不屈の闘志、松実玄…それでも未だ倒れる事を拒否ッ……!

 

(まだ、私は倒れる訳にはいなかいよッ!!)

 

決して…決して無駄では無かったッ……!

魑魅魍魎共が跋扈するッ…全国の魔物共が舞い狂う豪乱の舞台ッ……!

その経験が確かに少女の血肉として生きている……生きている証ッ……!

 

 

「―――16000オール」

「えっ……」

 

 

凛とした静穏なる声と共に倒される配牌。

『中』を頭に『索子』の『1』『5』『7』『9』の『刻子』が連なる、その形はまさに紅一色。

 

「オイオイ紅孔雀かよ......良いモン魅せてくれるじゃねぇか、天城先輩」

 

「うふふ。私、赤が好きなんだ……玄ちゃん……トビだね?」

 

「...........きゅぅ」

 

松実玄、此処に力尽きる。

 

「まっ、これでお開きだろうな」

 

雀卓に突っ伏している玄の頭を優しく撫でている雪子も、恭一の言葉に頷き

 

「っ......待ってくれッ!」

「........」

 

あン時は油断して見失ったが、今回は見逃さねぇ。

部屋を後にする黒衣の男、既の処で恭一に声を掛けられ、足を止めた。

 

「アンタの名前を教えてくれないか?」

 

 

「傀......と呼ばれています」

 

 

(人の鬼、か......何となく分かる気がする)

 

「俺の名前は―――」

 

恭一は名乗る前に、1つ瞬きを入れてしまい

 

「ッ......ぐっ、くそッ!」

 

それだけで、男の姿は跡形も無く消えていた。

 

「はぁ......まったく、紳士な幽霊も居たもんだ」

「紳士?」

 

流石は若女将。怪奇ネタに慣れているのか、特に怖がる様子も無く尋ねてくる。

 

「此処は禁煙じゃないでしょう?」

「う、うん。
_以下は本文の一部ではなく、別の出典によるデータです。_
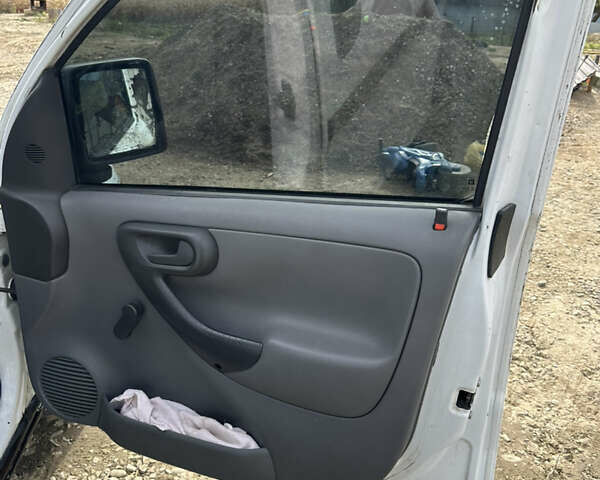 Білий Опель Комбо вант.-пас., об'ємом двигуна 1.25 л та пробігом 290 тис. км за 3200 $, фото 16 на Automoto.ua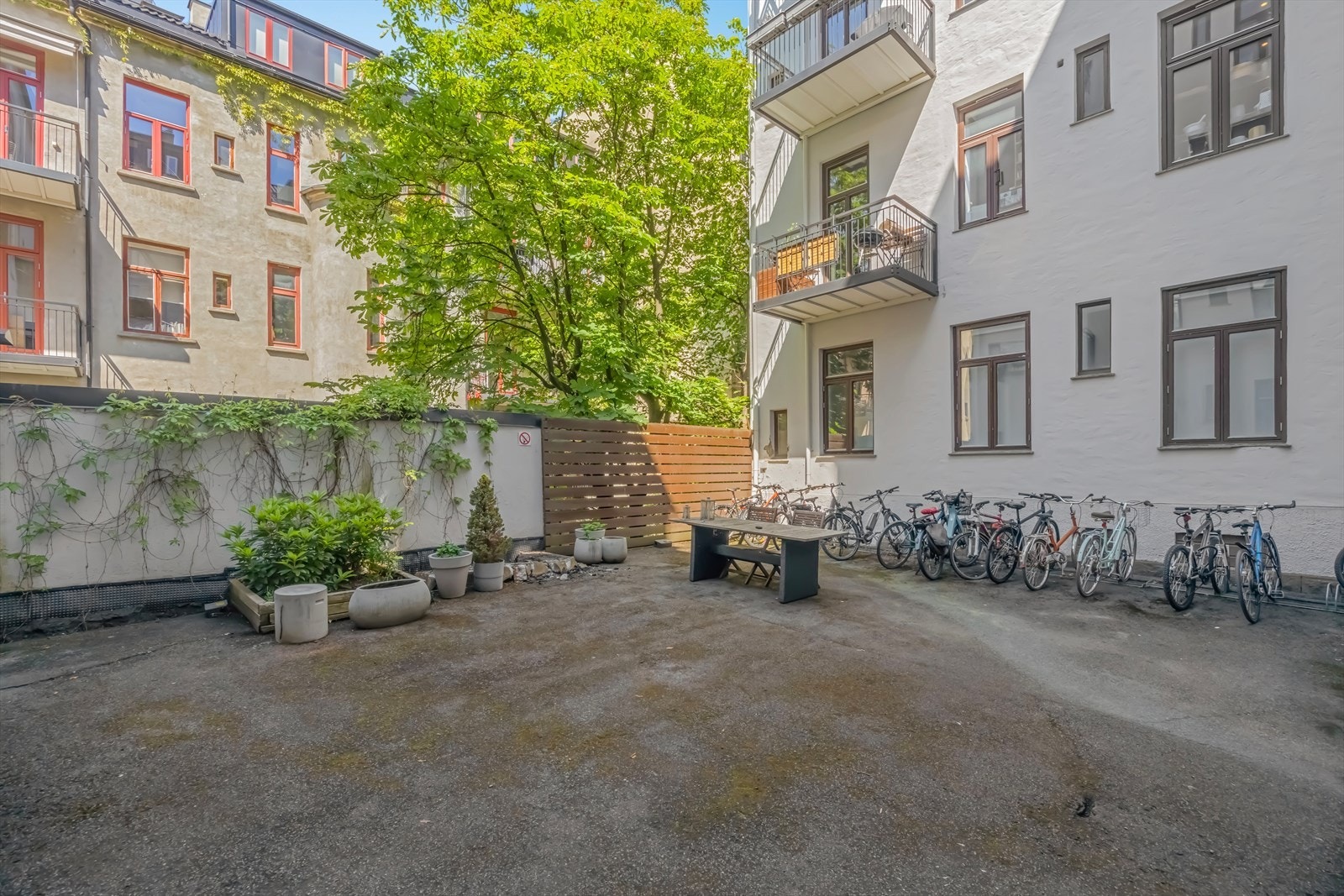 Bakgården er tilbaketrukket og skjermet. Det er pent opparbeidet med flere sittegrupper. Galleribilde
灰皿も其処に置いてあるよ」

 

あの男の胸元のポケットにはタバコが入っていた。

なのに、とうとう最後まで1本も吸う事はしなかったのだ。

 

「未成年の俺達に気ィ遣ってくれたンでしょうよ」

「なるほどなー」

 

今度会った時は、俺の名前をアンタから聞きたくなるようにしてやるからな。

 




臨海学校でのゲスト二人が再出演。
天城雪子さんも他の世界からゲストとして来て貰いました。